Let’s start with two reasons as to why students are plagued by the melancholy of overmuch study:
“The one is, they live a sedentary, solitary life, sibi et Musis, free from bodily exercise and those ordinary disports which other men use; and many times if discontent and idleness concur with it, which is too frequent, they are precipitated into this gulf on a sudden. But the common cause is overmuch study; too much learning, as Festus told Paul, hath made thee mad.”
“The second is contemplation, ‘which dries the brain and extinguisheth natural heat; for whilst the spirits arc intent to meditation above in the head, the stomach and liver are left destitute, and thence come black blood and crudities by defect of concoction, and for want of exercise the superfluous vapors cannot exhale,’ etc.”
That second point explains why I’m always cold. And this one gives a clue as to why my looks are going:
“And something more they add, that hard students are commonly troubled with gouts, catarrhs, rheums, cachexia, bradiopepsia, bad eyes, stone, and colic, crudities, oppilations, vertigo, winds, consumptions, and all such diseases as come by overmuch sitting; they are most part lean, dry, ill-colored, spend their fortunes, lose their wits and many times their lives, and all through immoderate pains and extraordinary studies. If you will not believe the truth of this, look upon great Tostatus’ and Thomas Aquinas’ works, and tell me whether those men took pains?”
And my lack of physical agility:
“Because they cannot ride an horse, which every clown can do, salute and court a gentlewoman, carve at table, cringe, and make conges, which every common swasher can do, hos populusridet, etc., they are laughed to scorn and accounted silly fools by our gallants. Yea, many times, such is their misery, they deserve it. A mere scholar, a mere ass. . . . Thus they go commonly meditating unto themselves, thus they sit, such is their action and gesture.”

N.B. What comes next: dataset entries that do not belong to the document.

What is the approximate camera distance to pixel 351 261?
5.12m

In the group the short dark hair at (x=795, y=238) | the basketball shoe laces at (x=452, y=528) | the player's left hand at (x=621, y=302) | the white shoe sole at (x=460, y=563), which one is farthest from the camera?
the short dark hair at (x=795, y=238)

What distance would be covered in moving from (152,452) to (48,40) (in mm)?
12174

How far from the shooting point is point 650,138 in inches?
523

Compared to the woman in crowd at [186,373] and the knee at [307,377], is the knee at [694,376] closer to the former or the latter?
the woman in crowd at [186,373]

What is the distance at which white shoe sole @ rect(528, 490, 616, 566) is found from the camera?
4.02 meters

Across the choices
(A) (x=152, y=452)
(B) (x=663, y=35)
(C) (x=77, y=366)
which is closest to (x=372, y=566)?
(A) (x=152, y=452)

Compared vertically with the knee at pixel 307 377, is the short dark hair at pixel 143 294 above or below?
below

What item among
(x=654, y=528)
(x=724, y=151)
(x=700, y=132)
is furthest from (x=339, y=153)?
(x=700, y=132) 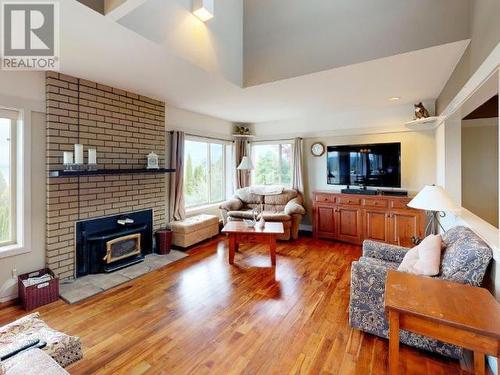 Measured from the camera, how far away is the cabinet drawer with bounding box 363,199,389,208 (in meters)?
4.16

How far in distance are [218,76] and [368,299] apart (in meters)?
2.77

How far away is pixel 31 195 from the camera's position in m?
2.72

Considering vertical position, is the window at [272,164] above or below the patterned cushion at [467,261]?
above

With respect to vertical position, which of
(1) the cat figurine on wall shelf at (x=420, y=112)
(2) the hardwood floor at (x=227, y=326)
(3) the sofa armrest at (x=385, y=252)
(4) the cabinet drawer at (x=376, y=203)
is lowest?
(2) the hardwood floor at (x=227, y=326)

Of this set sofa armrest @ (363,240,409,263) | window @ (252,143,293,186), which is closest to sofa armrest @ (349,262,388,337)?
sofa armrest @ (363,240,409,263)

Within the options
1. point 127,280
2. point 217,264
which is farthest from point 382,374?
point 127,280

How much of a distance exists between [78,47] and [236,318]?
112 inches

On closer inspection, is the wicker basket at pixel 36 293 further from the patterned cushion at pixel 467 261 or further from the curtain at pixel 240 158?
the curtain at pixel 240 158

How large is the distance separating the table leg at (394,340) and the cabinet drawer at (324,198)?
339cm

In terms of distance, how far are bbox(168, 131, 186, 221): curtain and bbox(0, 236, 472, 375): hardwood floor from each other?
1.27m

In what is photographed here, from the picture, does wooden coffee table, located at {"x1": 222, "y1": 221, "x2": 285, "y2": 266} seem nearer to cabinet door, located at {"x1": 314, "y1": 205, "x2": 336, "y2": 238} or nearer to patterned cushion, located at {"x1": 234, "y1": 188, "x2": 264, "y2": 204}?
cabinet door, located at {"x1": 314, "y1": 205, "x2": 336, "y2": 238}

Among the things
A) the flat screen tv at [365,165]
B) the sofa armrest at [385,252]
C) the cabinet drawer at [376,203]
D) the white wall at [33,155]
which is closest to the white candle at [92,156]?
the white wall at [33,155]

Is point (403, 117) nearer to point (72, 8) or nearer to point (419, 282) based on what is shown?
point (419, 282)

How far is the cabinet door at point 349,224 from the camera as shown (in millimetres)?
4418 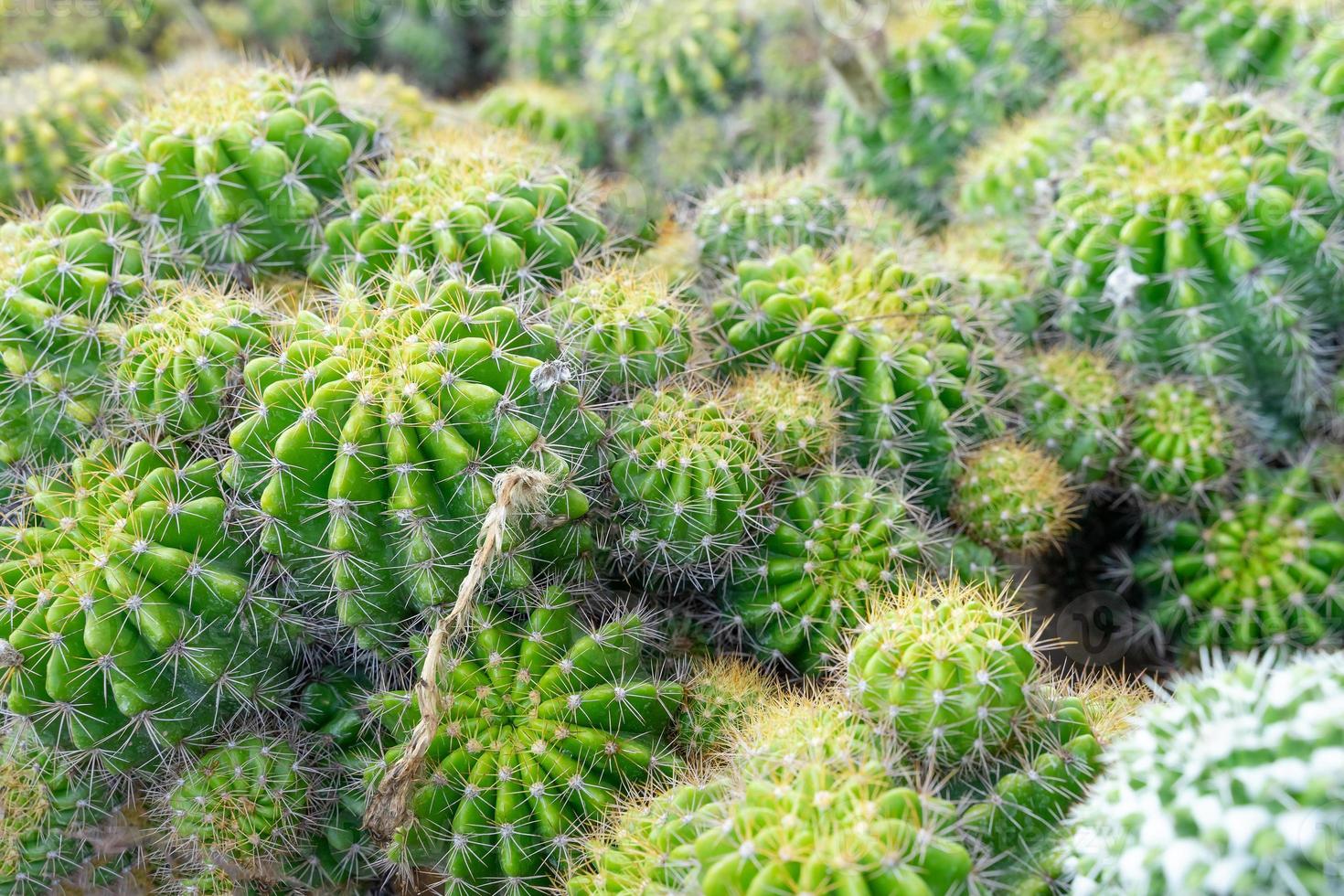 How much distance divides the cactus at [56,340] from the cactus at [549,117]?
7.05ft

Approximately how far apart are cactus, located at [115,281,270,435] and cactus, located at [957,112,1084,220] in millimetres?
3032

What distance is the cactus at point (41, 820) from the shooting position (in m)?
2.98

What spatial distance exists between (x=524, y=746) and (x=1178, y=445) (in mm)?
2631

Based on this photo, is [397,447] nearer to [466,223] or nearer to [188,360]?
[188,360]

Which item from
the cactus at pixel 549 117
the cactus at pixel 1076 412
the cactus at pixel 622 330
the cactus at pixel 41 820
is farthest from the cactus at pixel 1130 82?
the cactus at pixel 41 820

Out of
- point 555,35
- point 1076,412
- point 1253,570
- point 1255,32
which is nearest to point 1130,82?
point 1255,32

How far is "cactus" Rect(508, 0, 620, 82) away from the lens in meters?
5.84

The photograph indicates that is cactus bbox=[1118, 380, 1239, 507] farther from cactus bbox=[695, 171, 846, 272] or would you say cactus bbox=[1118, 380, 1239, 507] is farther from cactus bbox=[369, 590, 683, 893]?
cactus bbox=[369, 590, 683, 893]

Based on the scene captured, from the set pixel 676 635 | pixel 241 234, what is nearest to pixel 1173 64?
pixel 676 635

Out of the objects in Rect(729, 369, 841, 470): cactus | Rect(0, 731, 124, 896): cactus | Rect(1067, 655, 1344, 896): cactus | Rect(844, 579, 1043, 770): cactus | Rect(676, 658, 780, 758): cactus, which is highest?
Rect(1067, 655, 1344, 896): cactus

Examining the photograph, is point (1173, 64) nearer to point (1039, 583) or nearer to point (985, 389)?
point (985, 389)

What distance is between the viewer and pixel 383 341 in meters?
3.06

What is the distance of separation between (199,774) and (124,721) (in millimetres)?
259

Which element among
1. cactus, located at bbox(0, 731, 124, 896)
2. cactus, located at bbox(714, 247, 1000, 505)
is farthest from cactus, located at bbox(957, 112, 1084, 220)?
cactus, located at bbox(0, 731, 124, 896) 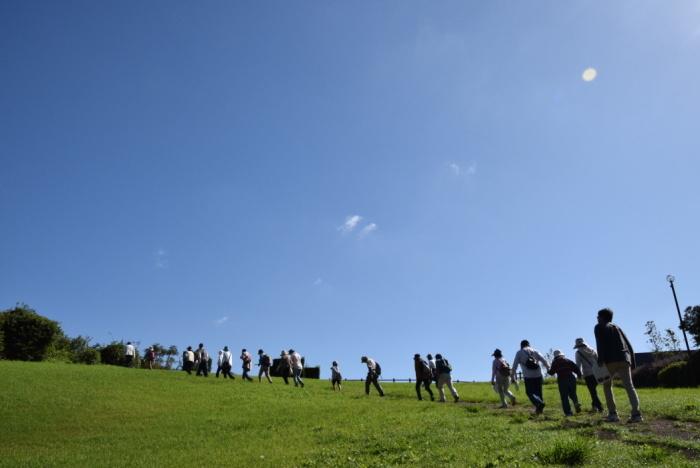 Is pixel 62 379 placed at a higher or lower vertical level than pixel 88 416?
higher

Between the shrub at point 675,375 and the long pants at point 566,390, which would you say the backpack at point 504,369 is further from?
the shrub at point 675,375

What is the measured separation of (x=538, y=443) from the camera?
970 cm

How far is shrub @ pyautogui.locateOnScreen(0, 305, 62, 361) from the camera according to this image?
165 feet

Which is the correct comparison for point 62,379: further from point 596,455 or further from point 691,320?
point 691,320

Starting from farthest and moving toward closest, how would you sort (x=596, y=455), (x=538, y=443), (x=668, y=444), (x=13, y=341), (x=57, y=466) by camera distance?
(x=13, y=341) → (x=57, y=466) → (x=538, y=443) → (x=668, y=444) → (x=596, y=455)

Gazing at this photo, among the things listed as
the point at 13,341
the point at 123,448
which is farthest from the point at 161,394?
the point at 13,341

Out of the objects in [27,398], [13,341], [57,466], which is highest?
[13,341]

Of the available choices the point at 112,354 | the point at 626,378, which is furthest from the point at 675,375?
the point at 112,354

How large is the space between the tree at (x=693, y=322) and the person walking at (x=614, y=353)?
47.8 m

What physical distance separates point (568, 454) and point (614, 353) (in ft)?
18.0

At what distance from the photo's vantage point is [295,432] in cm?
1505

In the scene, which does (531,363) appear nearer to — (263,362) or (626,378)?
(626,378)

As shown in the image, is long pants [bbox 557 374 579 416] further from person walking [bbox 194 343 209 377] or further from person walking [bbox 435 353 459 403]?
person walking [bbox 194 343 209 377]

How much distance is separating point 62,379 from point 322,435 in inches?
777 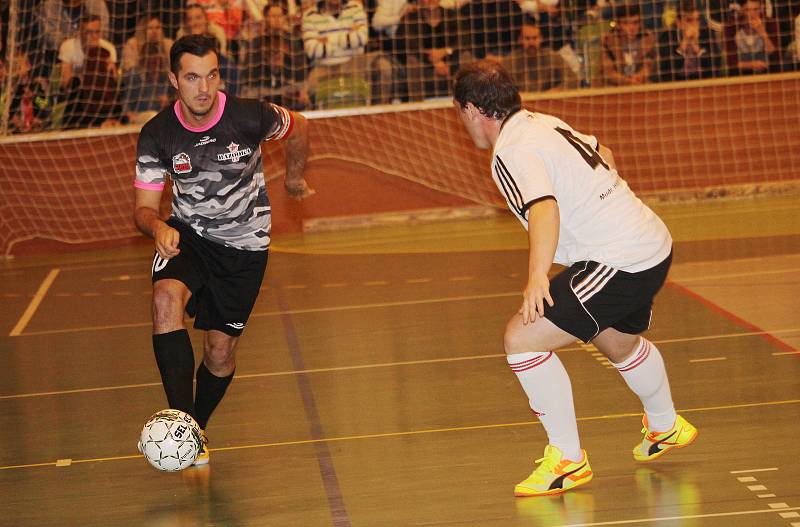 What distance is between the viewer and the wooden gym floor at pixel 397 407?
4.34 meters

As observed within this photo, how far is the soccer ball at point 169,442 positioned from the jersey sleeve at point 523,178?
168 centimetres

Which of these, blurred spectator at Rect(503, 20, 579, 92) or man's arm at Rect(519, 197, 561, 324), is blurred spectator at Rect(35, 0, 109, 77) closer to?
blurred spectator at Rect(503, 20, 579, 92)

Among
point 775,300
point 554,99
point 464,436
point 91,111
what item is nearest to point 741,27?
point 554,99

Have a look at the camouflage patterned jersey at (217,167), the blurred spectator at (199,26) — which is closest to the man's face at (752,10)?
the blurred spectator at (199,26)

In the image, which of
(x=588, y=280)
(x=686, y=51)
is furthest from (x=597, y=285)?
(x=686, y=51)

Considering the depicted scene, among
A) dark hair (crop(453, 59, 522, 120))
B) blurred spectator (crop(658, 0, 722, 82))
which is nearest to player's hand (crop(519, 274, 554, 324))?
dark hair (crop(453, 59, 522, 120))

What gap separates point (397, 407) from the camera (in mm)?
5809

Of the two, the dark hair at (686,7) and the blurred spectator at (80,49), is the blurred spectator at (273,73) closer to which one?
the blurred spectator at (80,49)

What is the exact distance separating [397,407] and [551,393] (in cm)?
168

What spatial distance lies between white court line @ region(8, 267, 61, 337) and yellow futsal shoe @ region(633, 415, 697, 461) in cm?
532

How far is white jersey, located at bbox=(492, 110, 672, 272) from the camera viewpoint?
4.05 m

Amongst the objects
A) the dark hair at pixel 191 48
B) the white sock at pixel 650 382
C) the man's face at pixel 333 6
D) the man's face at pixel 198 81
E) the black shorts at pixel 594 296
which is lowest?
the white sock at pixel 650 382

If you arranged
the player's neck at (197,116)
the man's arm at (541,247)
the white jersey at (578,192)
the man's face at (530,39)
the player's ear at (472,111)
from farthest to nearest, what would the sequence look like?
the man's face at (530,39) → the player's neck at (197,116) → the player's ear at (472,111) → the white jersey at (578,192) → the man's arm at (541,247)

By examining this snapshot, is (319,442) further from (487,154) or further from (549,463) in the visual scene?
(487,154)
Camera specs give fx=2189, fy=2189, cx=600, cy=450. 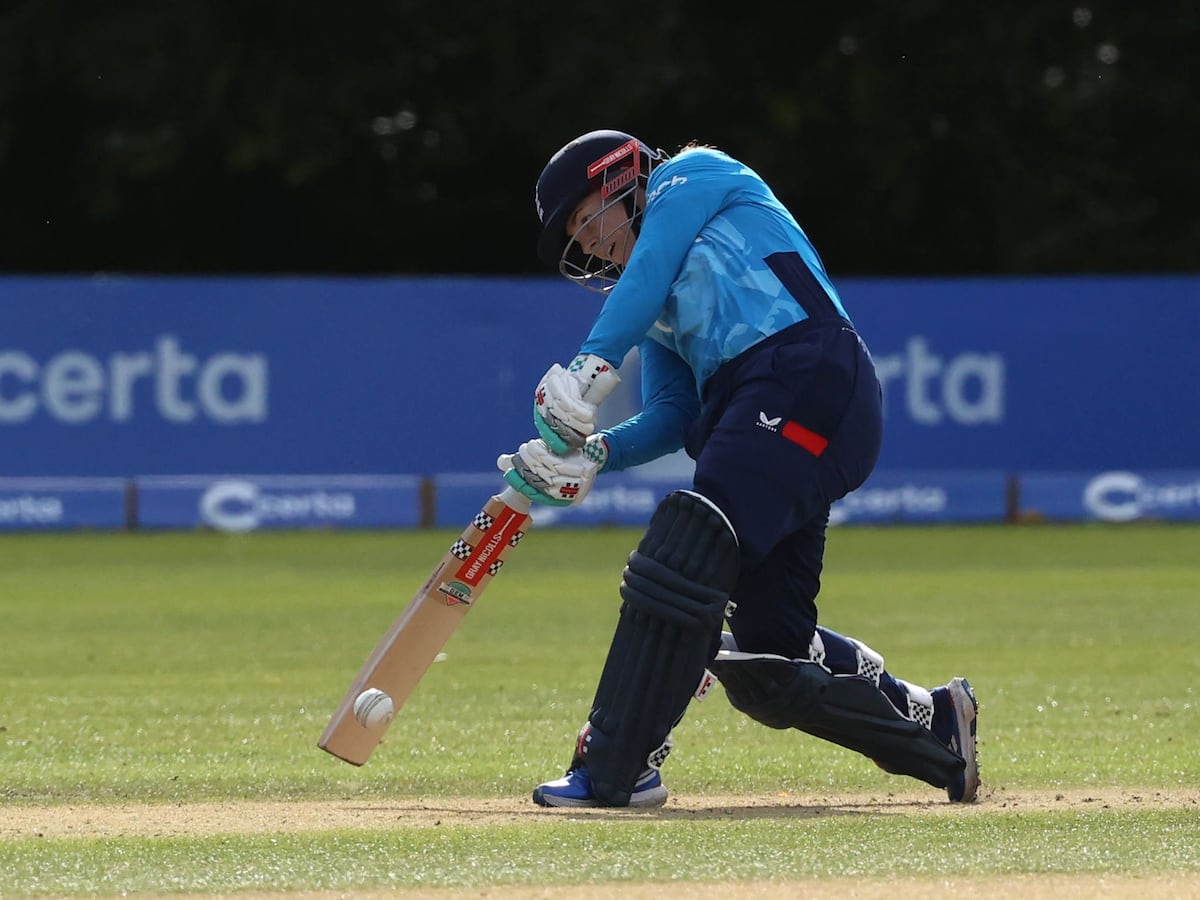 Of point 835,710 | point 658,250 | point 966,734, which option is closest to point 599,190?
point 658,250

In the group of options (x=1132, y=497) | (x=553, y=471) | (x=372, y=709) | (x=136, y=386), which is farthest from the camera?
(x=1132, y=497)

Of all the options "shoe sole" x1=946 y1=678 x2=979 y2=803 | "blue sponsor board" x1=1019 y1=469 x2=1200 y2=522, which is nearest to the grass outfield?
"shoe sole" x1=946 y1=678 x2=979 y2=803

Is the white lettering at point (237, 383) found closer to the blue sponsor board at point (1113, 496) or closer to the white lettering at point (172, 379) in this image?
the white lettering at point (172, 379)

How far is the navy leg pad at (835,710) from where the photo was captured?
5.79 m

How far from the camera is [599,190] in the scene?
19.4 feet

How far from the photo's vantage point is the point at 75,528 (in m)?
19.6

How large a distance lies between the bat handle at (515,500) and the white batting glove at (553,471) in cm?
7

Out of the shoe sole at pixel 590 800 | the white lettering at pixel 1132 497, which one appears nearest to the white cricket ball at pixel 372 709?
the shoe sole at pixel 590 800

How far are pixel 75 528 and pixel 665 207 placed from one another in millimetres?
14777

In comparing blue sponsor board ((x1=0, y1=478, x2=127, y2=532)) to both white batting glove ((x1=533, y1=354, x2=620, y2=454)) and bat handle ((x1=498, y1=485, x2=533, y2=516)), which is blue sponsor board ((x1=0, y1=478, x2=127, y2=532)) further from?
white batting glove ((x1=533, y1=354, x2=620, y2=454))

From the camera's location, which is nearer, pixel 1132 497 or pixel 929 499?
pixel 929 499

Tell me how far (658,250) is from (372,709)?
1.49 m

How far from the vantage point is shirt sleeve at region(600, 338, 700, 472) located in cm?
609

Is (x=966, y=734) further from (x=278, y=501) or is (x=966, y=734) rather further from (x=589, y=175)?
(x=278, y=501) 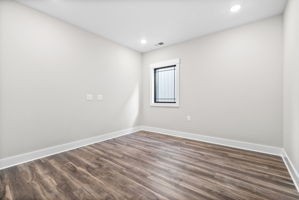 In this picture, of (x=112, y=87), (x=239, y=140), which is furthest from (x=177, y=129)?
(x=112, y=87)

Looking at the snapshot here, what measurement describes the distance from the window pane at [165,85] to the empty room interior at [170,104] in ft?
1.02

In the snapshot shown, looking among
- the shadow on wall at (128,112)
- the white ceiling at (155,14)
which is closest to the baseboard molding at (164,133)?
the shadow on wall at (128,112)

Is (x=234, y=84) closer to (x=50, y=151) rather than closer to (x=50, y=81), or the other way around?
(x=50, y=81)

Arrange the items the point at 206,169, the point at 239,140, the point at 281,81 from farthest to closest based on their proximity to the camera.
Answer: the point at 239,140 → the point at 281,81 → the point at 206,169

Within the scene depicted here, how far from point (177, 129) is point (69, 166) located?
270 cm

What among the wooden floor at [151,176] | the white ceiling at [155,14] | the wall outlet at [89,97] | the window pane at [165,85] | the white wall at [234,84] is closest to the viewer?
the wooden floor at [151,176]

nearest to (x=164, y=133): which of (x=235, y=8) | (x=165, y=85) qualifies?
(x=165, y=85)

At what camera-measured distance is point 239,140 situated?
2.86 metres

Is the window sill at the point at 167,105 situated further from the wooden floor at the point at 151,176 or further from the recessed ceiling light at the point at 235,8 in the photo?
the recessed ceiling light at the point at 235,8

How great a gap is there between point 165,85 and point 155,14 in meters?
2.19

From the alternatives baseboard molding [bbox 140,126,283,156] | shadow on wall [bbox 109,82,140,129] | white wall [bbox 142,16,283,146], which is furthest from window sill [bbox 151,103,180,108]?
baseboard molding [bbox 140,126,283,156]

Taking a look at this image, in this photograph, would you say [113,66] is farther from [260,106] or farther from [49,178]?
[260,106]

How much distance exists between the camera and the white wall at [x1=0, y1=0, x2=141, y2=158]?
2.09 meters

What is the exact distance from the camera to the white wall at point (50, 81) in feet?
6.86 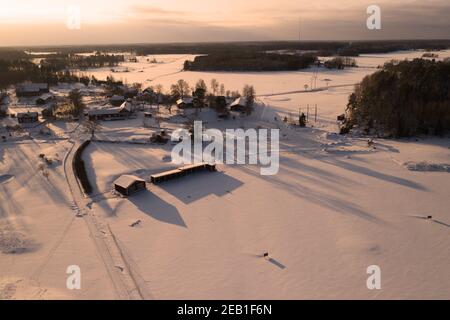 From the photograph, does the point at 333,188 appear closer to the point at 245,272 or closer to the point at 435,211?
the point at 435,211

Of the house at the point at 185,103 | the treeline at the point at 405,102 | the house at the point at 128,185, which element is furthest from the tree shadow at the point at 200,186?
the house at the point at 185,103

And a prediction of my conceivable future with a philosophy degree:
“But our patrons of learning are so far nowadays from respecting the Muses and giving that honor to scholars or reward which they deserve…that after all their pains taken in the universities, cost and charge, expenses, irksome hours, laborious tasks, wearisome days, dangers, hazards (barred interim from all pleasures which other men have, mewed up like hawks all their lives), if they chance to wade through them, they shall in the end be rejected, contemned, and, which is their greatest misery, driven to their shifts, exposed to want, poverty, and beggary. . .”
And if the overmuch study hasn’t yet led to melancholy, “the conceit of this alone [is] enough to make [us] all melancholy.”